Closer to home, the United Kingdom is grappling with its own economic headwinds. The OECD trimmed its forecast for UK growth to 1.3% in 2025, down from 1.4% predicted in March, citing the drag from U.S. tariff barriers and the burden of high interest payments on government debt. The UK faces particular fiscal challenges due to a "very thin" buffer in public finances. Chancellor Rachel Reeves is preparing to unveil her Spending Review in the week of June 9, 2025, where she must navigate tough decisions on departmental budgets amid competing priorities like defense and the National Health Service.

The OECD urged the UK government to adopt a "balanced approach" involving targeted spending cuts and tax increases to shore up public finances. Suggestions included closing tax loopholes and re-evaluating council tax bands, which are currently based on outdated property valuations from April 1991 in England and April 2003 in Wales. Despite a stronger-than-expected 0.7% growth in the first quarter of 2025, the OECD warned that "momentum is weakening" due to deteriorating business sentiment, forecasting a slowdown to 1.0% growth in 2026, down from 1.2% previously.

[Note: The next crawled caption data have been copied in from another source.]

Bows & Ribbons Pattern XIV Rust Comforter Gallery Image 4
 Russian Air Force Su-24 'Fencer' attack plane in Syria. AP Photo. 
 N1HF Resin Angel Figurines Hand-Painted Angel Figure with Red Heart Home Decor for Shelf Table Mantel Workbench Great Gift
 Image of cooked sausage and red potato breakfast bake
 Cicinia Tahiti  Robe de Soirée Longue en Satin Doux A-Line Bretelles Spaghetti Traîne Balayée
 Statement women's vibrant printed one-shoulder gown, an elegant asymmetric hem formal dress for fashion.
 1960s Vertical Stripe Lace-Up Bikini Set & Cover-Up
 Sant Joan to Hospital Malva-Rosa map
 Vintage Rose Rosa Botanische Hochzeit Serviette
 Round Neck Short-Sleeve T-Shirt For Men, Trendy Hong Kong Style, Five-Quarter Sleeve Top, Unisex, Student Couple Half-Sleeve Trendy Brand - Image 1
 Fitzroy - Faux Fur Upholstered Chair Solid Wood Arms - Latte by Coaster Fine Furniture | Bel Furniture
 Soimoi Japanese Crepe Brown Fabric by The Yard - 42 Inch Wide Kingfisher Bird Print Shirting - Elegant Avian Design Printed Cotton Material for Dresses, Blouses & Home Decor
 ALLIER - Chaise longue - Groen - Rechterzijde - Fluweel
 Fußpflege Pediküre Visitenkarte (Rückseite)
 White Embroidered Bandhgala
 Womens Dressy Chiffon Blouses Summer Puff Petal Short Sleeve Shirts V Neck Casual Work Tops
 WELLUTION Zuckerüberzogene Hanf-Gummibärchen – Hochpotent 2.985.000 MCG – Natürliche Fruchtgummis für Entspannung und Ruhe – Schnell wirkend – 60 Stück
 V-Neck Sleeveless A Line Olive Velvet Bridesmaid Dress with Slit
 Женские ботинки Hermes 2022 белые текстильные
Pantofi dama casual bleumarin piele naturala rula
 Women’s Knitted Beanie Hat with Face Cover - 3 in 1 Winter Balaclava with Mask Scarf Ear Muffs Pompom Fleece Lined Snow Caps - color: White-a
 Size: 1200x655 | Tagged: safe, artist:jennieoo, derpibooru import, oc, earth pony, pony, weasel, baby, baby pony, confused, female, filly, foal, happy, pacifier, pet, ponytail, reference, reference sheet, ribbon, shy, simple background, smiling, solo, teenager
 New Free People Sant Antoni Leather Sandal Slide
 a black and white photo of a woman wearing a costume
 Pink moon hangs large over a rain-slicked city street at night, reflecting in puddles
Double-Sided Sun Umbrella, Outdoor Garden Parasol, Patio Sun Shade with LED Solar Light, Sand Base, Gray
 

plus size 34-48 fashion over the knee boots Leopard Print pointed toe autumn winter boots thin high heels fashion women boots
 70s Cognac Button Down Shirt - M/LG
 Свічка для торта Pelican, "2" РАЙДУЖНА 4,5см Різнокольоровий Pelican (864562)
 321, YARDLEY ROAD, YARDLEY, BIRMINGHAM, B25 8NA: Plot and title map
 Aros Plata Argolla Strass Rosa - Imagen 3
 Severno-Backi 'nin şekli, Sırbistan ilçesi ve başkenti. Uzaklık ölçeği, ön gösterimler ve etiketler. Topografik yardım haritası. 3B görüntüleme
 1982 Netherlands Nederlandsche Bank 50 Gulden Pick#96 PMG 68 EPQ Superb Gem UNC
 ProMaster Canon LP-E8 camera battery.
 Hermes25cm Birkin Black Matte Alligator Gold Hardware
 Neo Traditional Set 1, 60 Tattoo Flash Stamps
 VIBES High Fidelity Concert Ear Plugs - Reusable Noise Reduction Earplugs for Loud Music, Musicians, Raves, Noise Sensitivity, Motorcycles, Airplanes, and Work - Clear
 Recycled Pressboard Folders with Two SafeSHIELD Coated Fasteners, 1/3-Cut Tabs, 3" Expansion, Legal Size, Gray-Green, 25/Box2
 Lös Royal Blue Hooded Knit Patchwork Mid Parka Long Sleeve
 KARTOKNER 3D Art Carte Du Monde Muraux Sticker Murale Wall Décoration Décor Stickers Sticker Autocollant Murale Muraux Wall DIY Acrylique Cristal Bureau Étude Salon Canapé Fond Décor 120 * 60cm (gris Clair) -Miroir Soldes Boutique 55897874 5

The OECD’s bleak outlook comes amid significant political and economic uncertainty. Bank of England Governor Andrew Bailey recently remarked that the global system of trade agreements has been "blown up to a considerable degree" by ongoing trade tensions. Meanwhile, President Trump, who has championed tariffs as a boon to the U.S. economy, posted on social media on June 3, 2025, "Because of Tariffs, our Economy is BOOMING!"—a claim at odds with official data showing the U.S. economy contracted by an annual rate of 0.2% in the first quarter of 2025, marking its first shrinkage since 2022.

While tariffs may incentivize domestic manufacturing, the OECD warns that higher import prices squeeze consumer purchasing power and dampen corporate investment amid policy uncertainty. The organization's analysis also points to the fiscal challenges posed by the Trump administration's sweeping tax cuts and spending bills, which are forecasted to push the U.S. budget deficit to 8% of economic output by 2026—an unusually large shortfall for a developed economy not engaged in war.

Looking ahead, the OECD sees potential for a "significant productivity revival" driven by advances in technology such as artificial intelligence, robotics, and quantum computing, particularly in the U.S., where exposure to AI is higher across sectors. However, such a revival hinges on resolving trade tensions and lowering barriers to boost investment and consumption.

OECD Secretary-General Mathias Cormann summed up the precarious state of the global economy: "The global economy has shifted from a period of resilient growth and declining inflation to a more uncertain path. Governments need to engage with each other to address any issues in the global trading system positively and constructively through dialogue." As the world navigates this challenging economic landscape, the stakes for policymakers and markets alike have never been higher.